Rakesh Patel, founder of The Bharat Army

Rakesh Patel, founder of The Bharat Army
| Photo Credit: Special Arrangement

Amish You spends all his annual leaves following the Indian cricket team around the world. “This is probably why I am still single,” he laughs. The 32-year-old from London is a member of The Bharat Army — a global group of cricket lovers and fans that travels to every country where Team India plays and cheers them on. He, along with the rest of the group, is in India for the duration of the ongoing 2023 ICC Men’s Cricket World Cup.

“We call ourselves the 12th man of the Indian team,” says Rakesh Patel, who started The Bharat Army in the UK during the 1999 World Cup, with the idea that every cricket team should have a supporters group. “We are among the most passionate fans in the world. Cricket is a religion in our country and we needed to do something more organised as a group,” he says. The group started with four members and over the last 23 years has grown to include 1,60,000 registered members and 1.7 million followers globally.
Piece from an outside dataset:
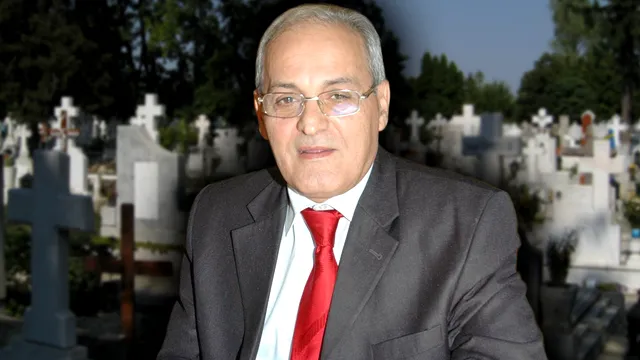 Cum arată mormântul lui Nelu Ploieșteanu, la 3 ani de la moartea artistului. Ce mare regret are văduva lui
Virat Kohli and K.L.Rahul at M.A. Chidambaram Stadium in Chennai

Virat Kohli and K.L.Rahul at M.A. Chidambaram Stadium in Chennai
| Photo Credit:
JOTHI RAMALINGAM B

On Saturday night, ahead of India’s first match on Sunday at the MA Chidambaram stadium, The Bharat Army was in Chennai galvanising support with a fan event at Sin & Tonic. LBDs and party casuals were outnumbered by Team India jerseys as 250-plus supporters poured in from across the city, country and continents: the US, Singapore, Hong Kong, the UK, Australia, Europe… They are all travelling together as a group. “For the 2019 World Cup, 11,000 fans from 23 countries travelled with us around England and Wales, where the matches were happening,” says Rakesh.

“With this group, you’ll never feel alone. There’s atmosphere and all that but there’s bonding and great relationships too,” says Amish. The motley group sees a confluence of cultures and comprises people from various backgrounds and professions including chartered accountants, business men and women, civil servants, lawyers; 18 to 85-year-olds… all tied together by the love for cricket.

There are 6,000 people accompanying The Bharat Army this time. Like, Varsha Patel, a civil servant from London, who is travelling with the gang for the first time. She has taken three moths off work to watch the matches in India and then travel to Kutch where she has her roots. “It’s a great atmosphere with them. This army is a close-knit group and it’s always good fun,” says Varsha, who is looking forward to watching Shubman Gill play.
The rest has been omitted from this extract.